Spec URL: http://mutebox.net/~karlik/tesseract.spec SRPM URL: http://mutebox.net/~karlik/tesseract-1.02-1.src.rpm Description: A commercial quality OCR engine originally developed at HP between 1985 and 1995. In 1995, this engine was among the top 3 evaluated by UNLV. It was open-sourced by HP and UNLV in 2005. It is my first rpm and I am looking for sponsor. I want to add this rpm (in future I hope add more), because in extras is not any ocr and this program is on wishlist.
This has been discussed before IIRC. tesseract might give good results, but it is hopeless to compile with 64bit. IMHO, this indicates very poor code quality. I wouldn't want to volunteer to maintain something like that.
I fixed one rpmlint warning (mixed space and tabs). new SRPM: http://mutebox.net/~karlik/tesseract-1.02-2.src.rpm new SPECS has the same URL like old
I had to change URLs, here are correct: SPEC: http://karlik.nonlogic.org/tesseract/tesseract.spec SRPM: http://karlik.nonlogic.org/tesseract/tesseract-1.02-2.src.rpm
Removing NEEDSPONSOR (bug 221349)
from README: "Tesseract can also make use of the libtiff library. (www.libtiff.org) Without libtiff, Tesseract can only read uncompressed and G3 compressed TIFF files." You seem not to use libtiff, is this intentional?
No, it was not intentional. New release: ChangeLog: - Update BRs - Fix x86_64 compile The patch x86_64-fix is not written by me. I found it in debian package. New URLs: http://karlik.nonlogic.org/tesseract/tesseract.spec http://karlik.nonlogic.org/tesseract/tesseract-1.02-3.src.rpm
Update to v1.03: http://karlik.nonlogic.org/tesseract/tesseract.spec http://karlik.nonlogic.org/tesseract/tesseract-1.03-1.src.rpm
(In reply to comment #6) > No, it was not intentional. Eh, from your specfile 1.03-1: %configure --without-libtiff You configure it not to use libtiff.

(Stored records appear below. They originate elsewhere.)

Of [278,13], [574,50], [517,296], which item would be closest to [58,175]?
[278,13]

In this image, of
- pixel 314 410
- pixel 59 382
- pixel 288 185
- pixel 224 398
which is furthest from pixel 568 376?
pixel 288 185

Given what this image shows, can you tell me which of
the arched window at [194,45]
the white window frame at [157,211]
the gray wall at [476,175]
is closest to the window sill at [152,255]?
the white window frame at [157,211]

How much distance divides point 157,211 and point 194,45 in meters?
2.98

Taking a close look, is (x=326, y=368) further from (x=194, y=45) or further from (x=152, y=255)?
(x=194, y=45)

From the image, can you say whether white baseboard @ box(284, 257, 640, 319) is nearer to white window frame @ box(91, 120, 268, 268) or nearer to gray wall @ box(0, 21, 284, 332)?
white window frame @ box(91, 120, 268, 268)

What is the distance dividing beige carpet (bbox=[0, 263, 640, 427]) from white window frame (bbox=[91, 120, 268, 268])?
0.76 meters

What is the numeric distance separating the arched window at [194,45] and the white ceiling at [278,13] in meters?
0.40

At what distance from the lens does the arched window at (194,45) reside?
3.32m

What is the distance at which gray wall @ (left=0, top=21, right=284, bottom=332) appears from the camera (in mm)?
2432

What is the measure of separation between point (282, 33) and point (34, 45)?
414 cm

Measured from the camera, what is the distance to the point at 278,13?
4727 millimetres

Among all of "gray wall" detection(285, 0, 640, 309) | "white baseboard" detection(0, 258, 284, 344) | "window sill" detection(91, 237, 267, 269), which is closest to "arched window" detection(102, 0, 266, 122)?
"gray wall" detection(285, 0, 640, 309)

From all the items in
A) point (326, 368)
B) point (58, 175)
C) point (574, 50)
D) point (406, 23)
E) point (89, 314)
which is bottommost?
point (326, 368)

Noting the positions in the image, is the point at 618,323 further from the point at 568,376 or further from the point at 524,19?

It was not intentional in 1.02 version package, but v1.03 does not work correct with libtiff library
On cvs are fixed sources, so I have prepared patch bases on this. At now libtiff again is on. New URLs: http://karlik.nonlogic.org/tesseract/tesseract.spec http://karlik.nonlogic.org/tesseract/tesseract-1.03-2.src.rpm
Please take a look at tis link: http://sourceforge.net/forum/forum.php?forum_id=672344 They said that address of Tesseract OCR was changed to http://code.google.com/p/tesseract-ocr/
New URLs: http://karlik.nonlogic.org/tesseract/tesseract.spec http://karlik.nonlogic.org/tesseract/tesseract-1.04-1.src.rpm
REVIEW: * dist tag present * valid Apache license * rpmlint: W: tesseract-devel no-documentation * good md5 (c39bd7b465c37a3863140e88d51cd839) * the newest version packaged * package owns all directories well * proper %clean section * proper buildroot * nothing wrong with %files * no scriplets needed * devel subpackage present and looks good * no .la files * no GUI I wasn't able to test it in mock, but I hope it's working. Approved.
It does build fine in mock. The only rpmlint warning I saw from that besides the one you noted is W: tesseract mixed-use-of-spaces-and-tabs (spaces: line 16, tab: line 1) which is not really an issue.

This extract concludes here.